Im trying to mask the ip address in API gateway using datamasking in error handling and response processing, but im unable to get the desired result.

Current output is giving ip address like 1.1.1.1 for which I want the result to be masked as “....”

Please suggest the correct process to execute the above requirement.

DINESH_J · October 18, 2023, 9:47am

let me know are your trying to mass Gateway API or Native endpoint in the response processing ? If so I hope the masking criteria is set to make effect . kindly add the snapshot of the masking policy

mounika_tpn · October 18, 2023, 10:03am

Hi @DINESH_J

Whenever the IP from which we will test the url is not whitelisted in policies, currently I’m getting the response as:

HTTP/1.1 403 Forbidden
SOAPAction: “register”
X-Forwarded-For: 1.1.1.1.
Host: hostname:1234
Accept-Encoding: gzip,deflate
Content-Type: text/xml; charset=UTF-8
Strict-Transport-Security: max-age=16070400; includeSubDomains

<?xml version='1.0' encoding='UTF-8'?>ns2:ReceiverAPI Gateway encountered an error. Error Message: Unauthorized application request. Request Details: Service - servicename, Operation - register, Invocation Time:12:34:09 PM, Date:Oct 18, 2023, Client IP - 1.1.1.1, User - Default and Application:sys:defaultApplication

Here, I want to mask the IP ADDRESS to some ******** value.
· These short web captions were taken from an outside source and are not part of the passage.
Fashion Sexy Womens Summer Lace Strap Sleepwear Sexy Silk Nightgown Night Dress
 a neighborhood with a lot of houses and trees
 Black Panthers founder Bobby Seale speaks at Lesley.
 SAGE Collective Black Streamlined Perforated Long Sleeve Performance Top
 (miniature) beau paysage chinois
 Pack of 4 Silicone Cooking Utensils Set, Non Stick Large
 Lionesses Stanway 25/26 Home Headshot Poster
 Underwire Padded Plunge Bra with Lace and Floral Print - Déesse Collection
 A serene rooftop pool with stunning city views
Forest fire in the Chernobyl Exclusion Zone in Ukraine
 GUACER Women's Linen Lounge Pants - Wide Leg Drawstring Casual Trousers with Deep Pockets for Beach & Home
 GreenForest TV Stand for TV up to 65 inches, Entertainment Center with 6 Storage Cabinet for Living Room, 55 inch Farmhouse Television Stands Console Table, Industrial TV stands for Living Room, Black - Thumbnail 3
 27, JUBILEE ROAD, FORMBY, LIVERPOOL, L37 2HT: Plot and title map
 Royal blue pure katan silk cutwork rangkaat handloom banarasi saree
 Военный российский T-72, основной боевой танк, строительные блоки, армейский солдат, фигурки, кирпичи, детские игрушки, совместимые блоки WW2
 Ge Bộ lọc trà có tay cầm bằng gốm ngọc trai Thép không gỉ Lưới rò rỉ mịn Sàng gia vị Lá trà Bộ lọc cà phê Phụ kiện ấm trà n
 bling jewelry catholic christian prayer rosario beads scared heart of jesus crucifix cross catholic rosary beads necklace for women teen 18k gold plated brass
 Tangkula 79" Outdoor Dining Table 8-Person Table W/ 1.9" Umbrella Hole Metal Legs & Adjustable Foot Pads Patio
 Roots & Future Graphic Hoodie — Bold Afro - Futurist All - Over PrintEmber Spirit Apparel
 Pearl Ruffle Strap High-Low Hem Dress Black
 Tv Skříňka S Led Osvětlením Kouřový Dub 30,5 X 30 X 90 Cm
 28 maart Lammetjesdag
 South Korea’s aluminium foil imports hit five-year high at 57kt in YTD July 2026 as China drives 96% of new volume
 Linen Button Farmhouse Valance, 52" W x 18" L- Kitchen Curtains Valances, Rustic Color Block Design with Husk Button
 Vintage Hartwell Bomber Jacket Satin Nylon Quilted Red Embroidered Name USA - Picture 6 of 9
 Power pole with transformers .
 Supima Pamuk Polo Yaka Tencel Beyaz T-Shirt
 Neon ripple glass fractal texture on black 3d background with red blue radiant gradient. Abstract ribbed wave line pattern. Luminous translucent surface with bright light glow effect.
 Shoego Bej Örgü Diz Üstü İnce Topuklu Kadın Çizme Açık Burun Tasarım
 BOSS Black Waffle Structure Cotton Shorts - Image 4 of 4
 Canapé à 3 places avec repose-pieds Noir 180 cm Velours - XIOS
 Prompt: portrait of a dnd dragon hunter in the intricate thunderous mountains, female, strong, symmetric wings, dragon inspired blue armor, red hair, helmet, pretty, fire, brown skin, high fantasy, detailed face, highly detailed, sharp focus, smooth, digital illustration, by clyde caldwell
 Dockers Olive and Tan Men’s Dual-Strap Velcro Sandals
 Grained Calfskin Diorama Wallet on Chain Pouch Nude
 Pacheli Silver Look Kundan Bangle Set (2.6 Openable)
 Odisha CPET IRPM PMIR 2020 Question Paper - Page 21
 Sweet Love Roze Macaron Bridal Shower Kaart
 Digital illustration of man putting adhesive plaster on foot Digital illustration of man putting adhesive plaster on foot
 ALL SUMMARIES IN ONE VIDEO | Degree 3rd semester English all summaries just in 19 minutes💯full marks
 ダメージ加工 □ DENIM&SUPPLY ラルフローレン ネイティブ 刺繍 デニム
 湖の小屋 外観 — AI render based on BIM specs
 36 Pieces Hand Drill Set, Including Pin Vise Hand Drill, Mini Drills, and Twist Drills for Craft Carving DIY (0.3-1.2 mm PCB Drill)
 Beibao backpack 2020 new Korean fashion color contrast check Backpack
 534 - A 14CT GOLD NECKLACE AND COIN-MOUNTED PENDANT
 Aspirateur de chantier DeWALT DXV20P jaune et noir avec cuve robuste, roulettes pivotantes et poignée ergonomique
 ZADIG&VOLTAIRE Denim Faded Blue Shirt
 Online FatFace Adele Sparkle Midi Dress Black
I have configured the data masking policy in both response processing and Error handling with JSON as $[‘x._source.applicationIp’] with masking TYPE to MASK and set the value as ******** but it is not working.

DINESH_J · October 18, 2023, 10:37am

This is default fault error response from the API Gateway , Since your request is unauthorized from gateway . Note this is client IP’s who is requesting your API.

Is there any requirement or security concern to mask the Client_IP to client itself ?

mounika_tpn · October 18, 2023, 10:39am

Is there any requirement or security concern to mask the Client_IP to client itself ?

YES @DINESH_J

DINESH_J · October 18, 2023, 10:44am

ok , if you have can you explain here ?

To achieve your requirement update your default error fault under Administration → General → fault

iPaaS API Gateway has encountered an error. Error Message: $ERROR_MESSAGE. Request Details: iPaaS Service - $SERVICE, Operation - $OPERATION, Invocation Time:$TIME, Date:$DATE, Client IP - $CLIENT_IP, User - $USER and iPaaS Application:$CONSUMER_APPLICATION

Remove the highlighted details.

Note : This will effect to all the consumer

mounika_tpn · October 18, 2023, 10:49am

But I don’t want to remove the IP, instead i want to MASK IT

DINESH_J · October 18, 2023, 11:22am

@mounika_tpn I doubt there is there any leverage to update the application data .
I guess API which you are trying SOAP based on the content-type , But the policy applied for JSON format . Try updating the relevant one and check

system · April 15, 2024, 11:23am

This topic was automatically closed 180 days after the last reply. New replies are no longer allowed.